§ Exercise
The reply should hold only the lines below beginning at the one with "Lavone Cotton Skirt Burnt Orange - Image 4" and ending at the one with "Sony Bravia XR", copied exactly, with every picture left out.

§ Information shown
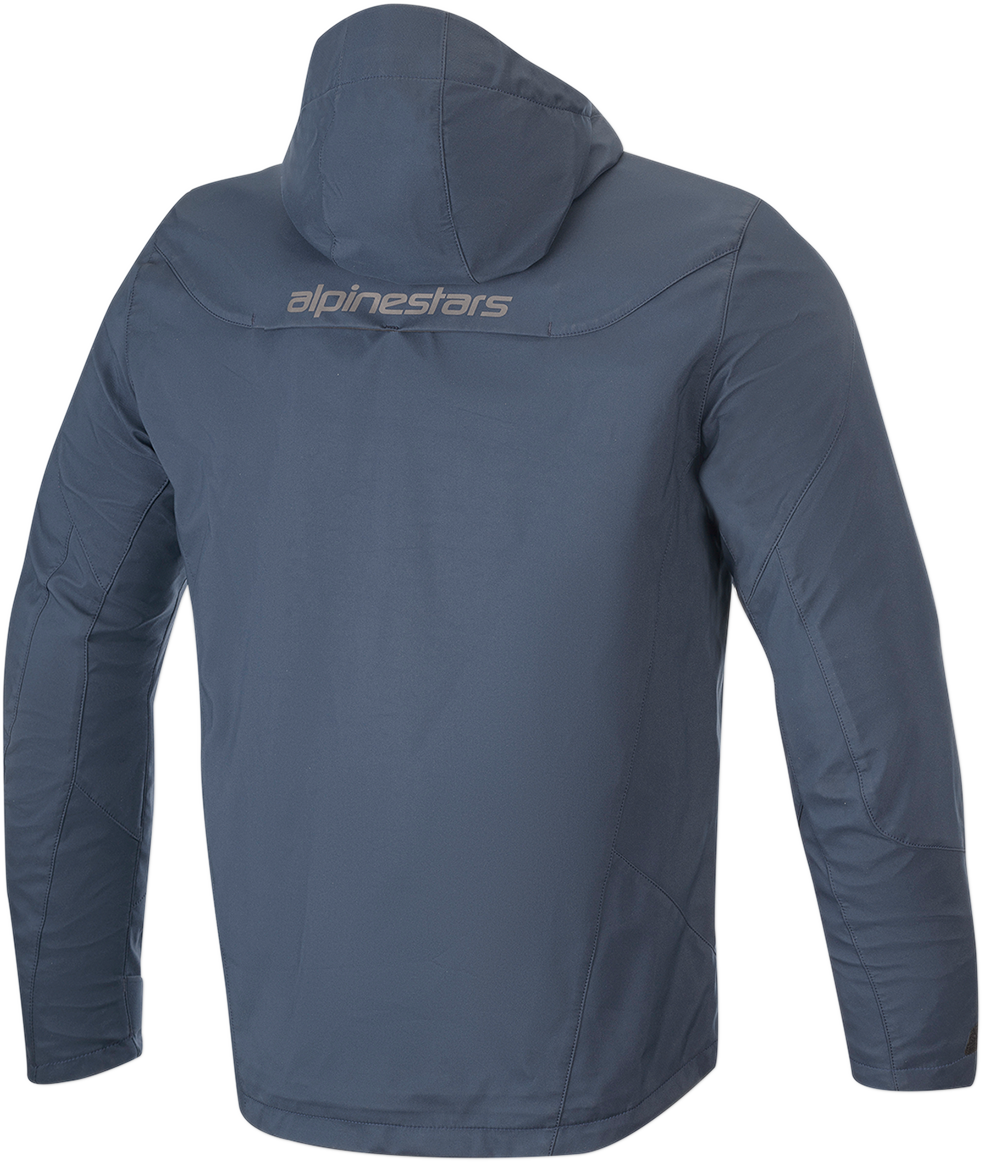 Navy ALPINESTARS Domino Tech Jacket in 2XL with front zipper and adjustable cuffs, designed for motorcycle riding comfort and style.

--

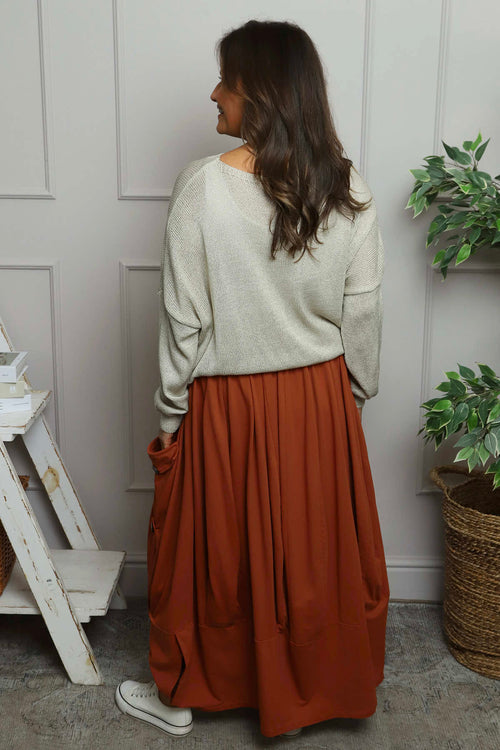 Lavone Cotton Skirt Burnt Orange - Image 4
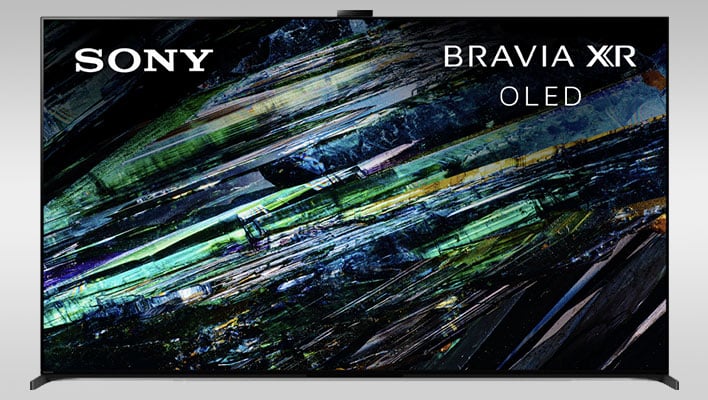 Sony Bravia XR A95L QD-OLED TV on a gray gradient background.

--

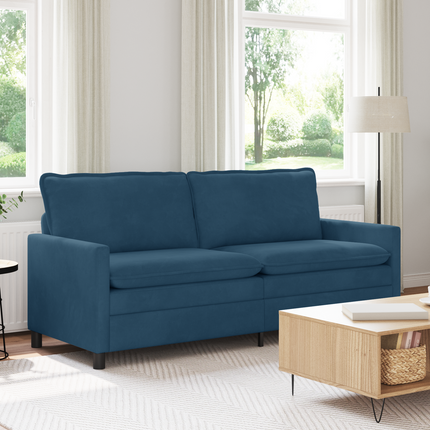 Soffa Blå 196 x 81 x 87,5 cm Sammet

§ Your response
 Lavone Cotton Skirt Burnt Orange - Image 4
 Sony Bravia XR A95L QD-OLED TV on a gray gradient background.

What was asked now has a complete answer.